The Influence of Differently Shaped Gold Nanoparticles Functionalized with NIPAM-Based Hydrogels on the Release of Cytochrome C

Here, we report the synthesis and functionalization of five different shapes of Au nanoparticles (NPs), namely nanorods, tetrahexahedral, bipyramids, nanomakura, and spheres with PEG and poly (N-isopropylacrylamide)-acrylic acid (pNIPAm-AAc) hydrogels. The anisotropic NPs are synthesized using seed-mediated growth in the presence of silver. The NPs have been characterized using Dynamic Light Scattering (DLS), zeta potential measurements, UV-Visible spectrophotometry (UV-Vis), and Scanning Transmission Electron Microscopy (S(T)EM). Cyt C was loaded into the PEG-hydrogel-coated AuNPs using a modified breathing-in method.
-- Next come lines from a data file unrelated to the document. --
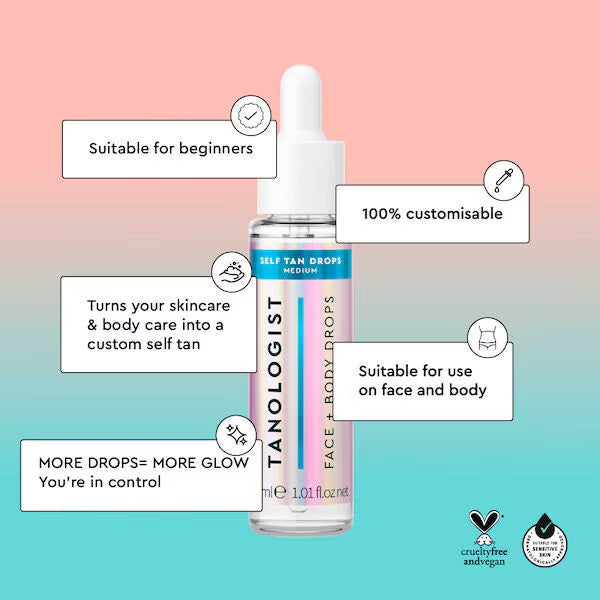 Tanologist Face Body Self Tan Drops Light 30ml (British brand)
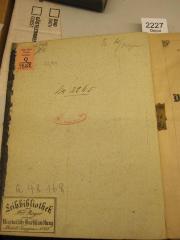 - (Bibliothek des Magistrats zu Berlin), Stempel: Name; 'Magistratsbibliothek Berlin'. 
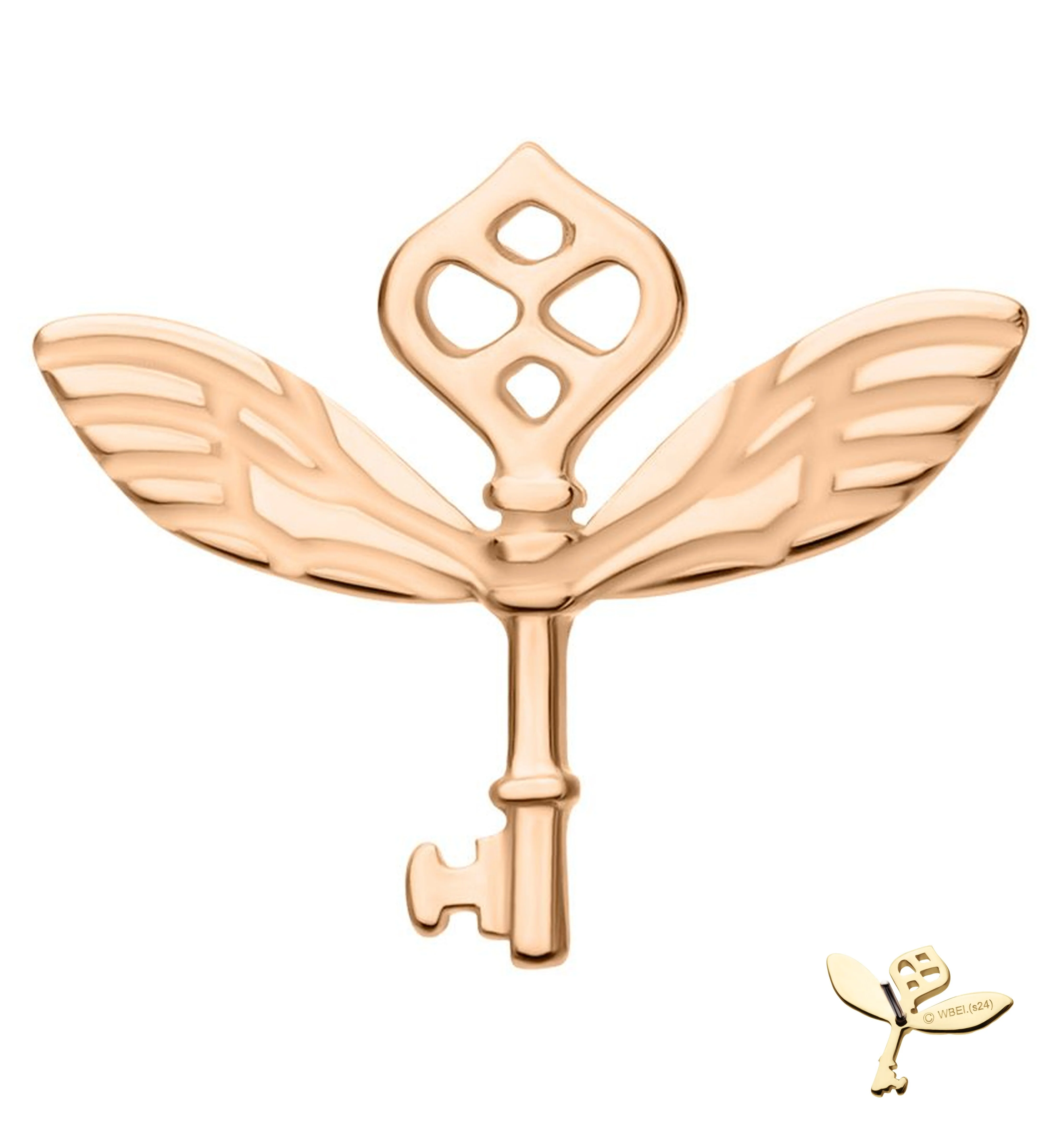 14kt Rose Gold Winged Key Threadless Top - Mrs Treak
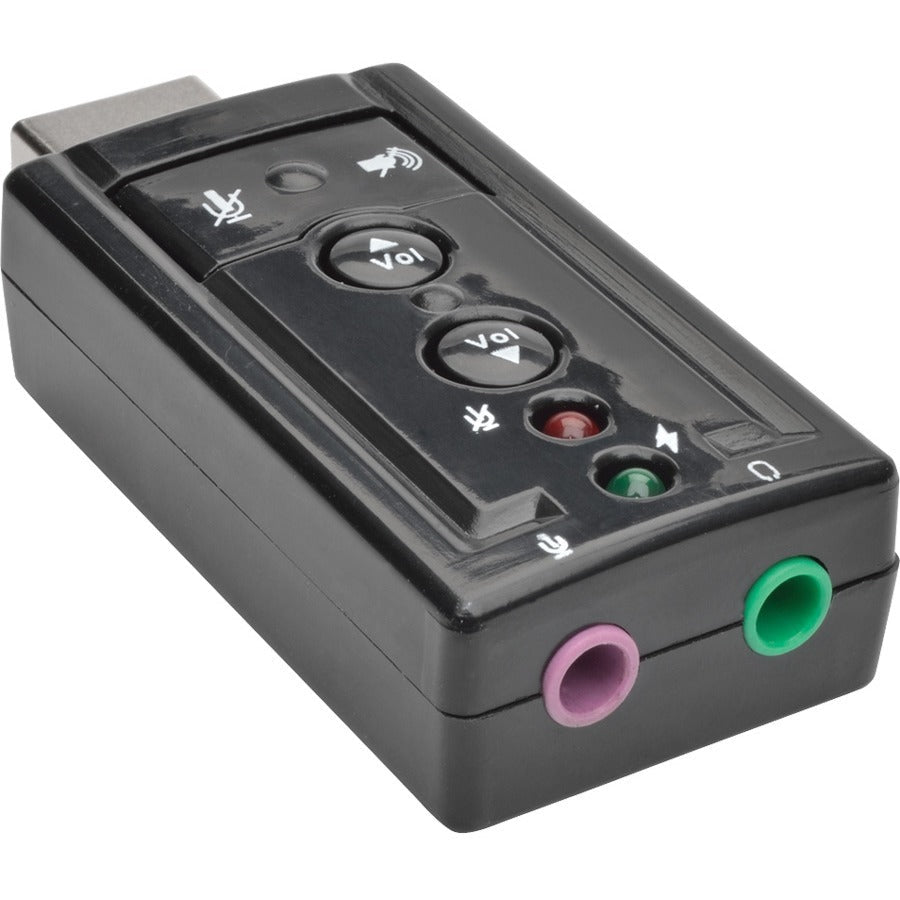 Tripp Lite USB External Sound Card Microphone Speaker Virtual 7.1 Channel - 7.1 Sound Channels - External - USB - 1 x Number of Microphone Ports - 1 x Number of Headphone Ports - U237-001 - eCommerce Business Prime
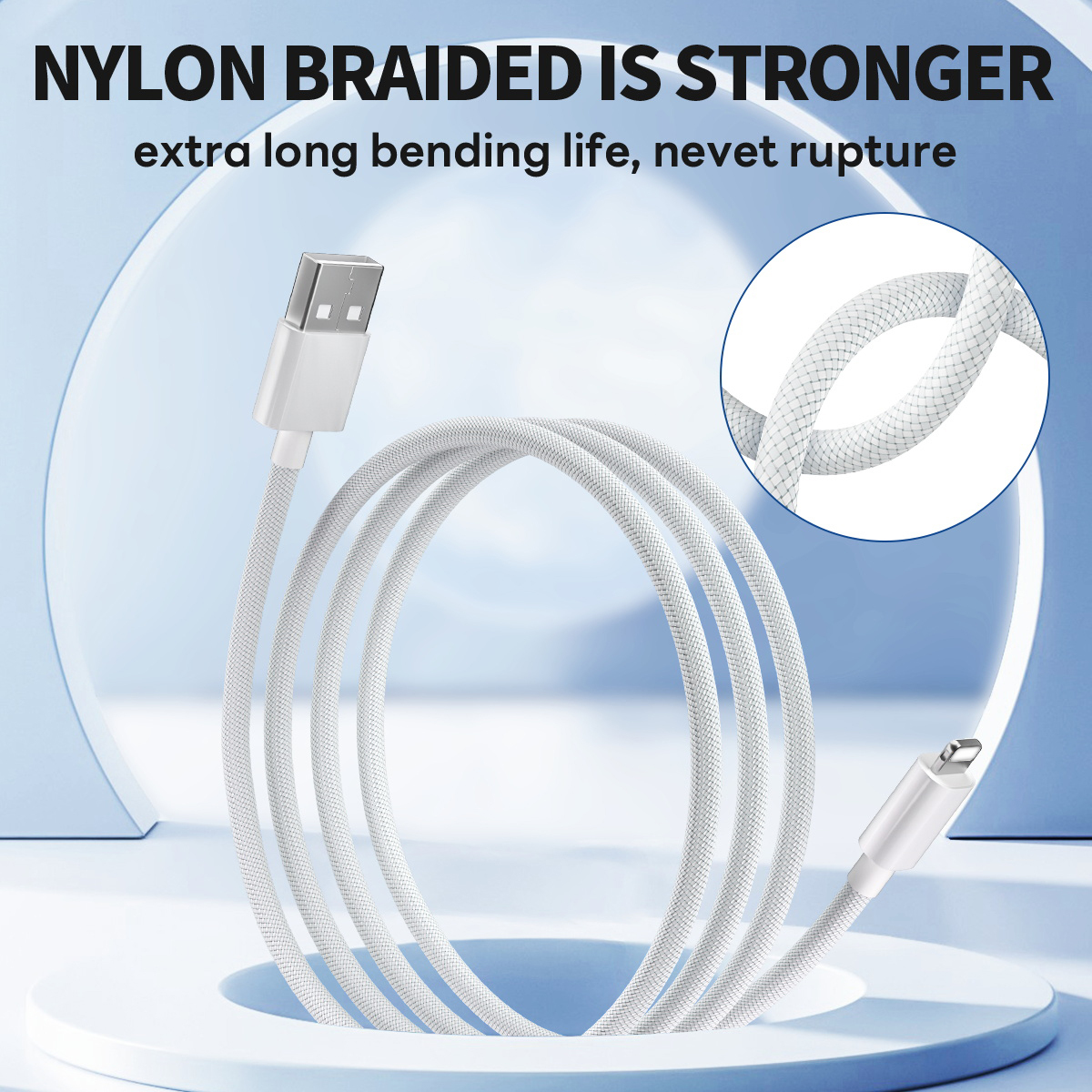 ESEEKGO G-103C Nylon Braided 2.0A 4FT USB to 8 PIN Data Cable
Loading efficiencies (up to 80%), dependent on particle geometry, concentration, and hydrogel content, were obtained. Release experiments conducted at high temperature (40 °C) and acidic pH (3) showed higher release for larger sizes of PEG-hydrogel-coated AuNPs, with temporal transition from spherical to thin film release geometry. AuNP shape, size, number density, and hydrogel content are found to influence the loading as well as release kinetics of Cyt C from these systems.